The chemical composition is similar to that of hair. The lamina contains 7 to 16% water and, despite what one might think considering its hardness, it is 10 times more porous than the stratum corneum of the epidermis.
Although the external surface appears smooth to us, the nail plate has vertical grooves on the underlying face. These furrows make close contact with the nail bed, increasing its adhesion.
The part of the lamina that protrudes from the toes and detaches from the underlying nail bed is called the free edge of the nail .
The part of the nail plate inserted into the epidermis is called the nail root .
The nail folds border the nail plate. It is possible to distinguish the lateral folds from the proximal fold which delimits the visible proximal limit of the entire nail apparatus.
The proximal fold consists of two epidermal layers: superficial and deep. The superficial epidermal layer has a cornified margin which extends over the nail plate giving rise to the eponymous . The latter – also known as the cuticle and commonly called cuticle – is closely adherent to the nail plate and prevents the passage of microorganisms and fungi into the root, thus avoiding the danger of infection and inflammation .
The nail grooves , on the other hand, represent the grooves where the margins of the nails fit.
The nail bed is located below the nail plate and is made up of epidermal tissue without the granular layer. The dermis of the nail bed – richly vascularized – is directly anchored to the periosteum of the distal phalanx, consequently, there is no subcutaneous tissue in this area.

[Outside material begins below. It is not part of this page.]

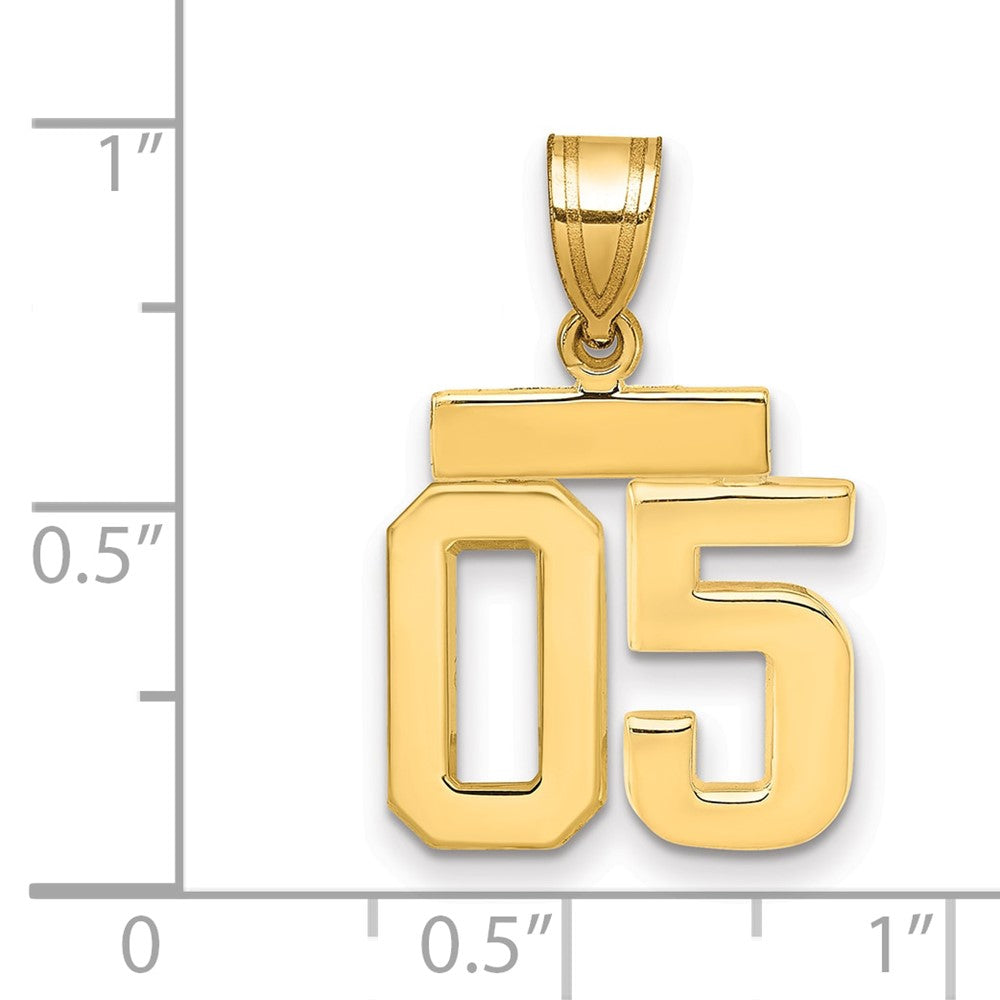 10k Small Polished Number 05 Charm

The superficial part of the nail bed has a series of ridges and grooves which correspond to analogous grooves and ridges on the deep part of the nail plate. The presence of these irregularities causes these two structures to be firmly anchored to each other, thus conferring a certain resistance to the nail apparatus.
The hyponychium represents that area (epidermal crest) which is located below the free edge of the nail and is interposed between the nail bed and the fingertips, forming a sort of barrier that protects the subungual structures from possible external aggressions .
How Do Nails Grow?
As mentioned, nail growth is due to the proliferation of matrix cells. These cells are arranged in an inclined manner, so that the nail grows mainly in length and not in thickness.
Under normal conditions, growth is between 0.1 and 1 mm/day. However, fingernails grow faster than toenails, and thumbnails grow faster than other fingers.
Did You Know That…
If a fingernail is removed traumatically or surgically, complete regrowth , faster than that of the toes, takes about 5 months. Regeneration is allowed by the matrix which, despite the nail bed being removed together with the lamina, continues to perform its proliferative function.
Disorders And Pathologies
Disorders And Diseases That Affect The Nails: What Are They?
There are many disorders and diseases that affect the nails and can cause alterations both in the structure, in the color and in the nail function.
Under physiological conditions, the main alterations that can occur in the nails are usually linked to normal aging processes. In this regard, frequent alterations are represented by the appearance of vertically oriented streaks (grooves) and by the thickening of the nail itself.
When nail alterations, on the other hand, are not related to aging, the triggering causes could be of a traumatic or pathological nature, or could be attributable to the use of aggressive cosmetics or detergents. For example, the fragility of the nails can be a symptom of pathologies, just as it can be linked to the use of particularly alkaline household cleaners.
Similarly, even the chromatic alteration of the nails can represent the sign of any pathologies not yet diagnosed, just as it can be caused by the use of low quality cosmetics (for example, nail polish ).
In any case, in general if the alteration affects only one nail, usually, there is a local problem; on the contrary, when the phenomenon is extended to all the nails it is probably an internal pathology.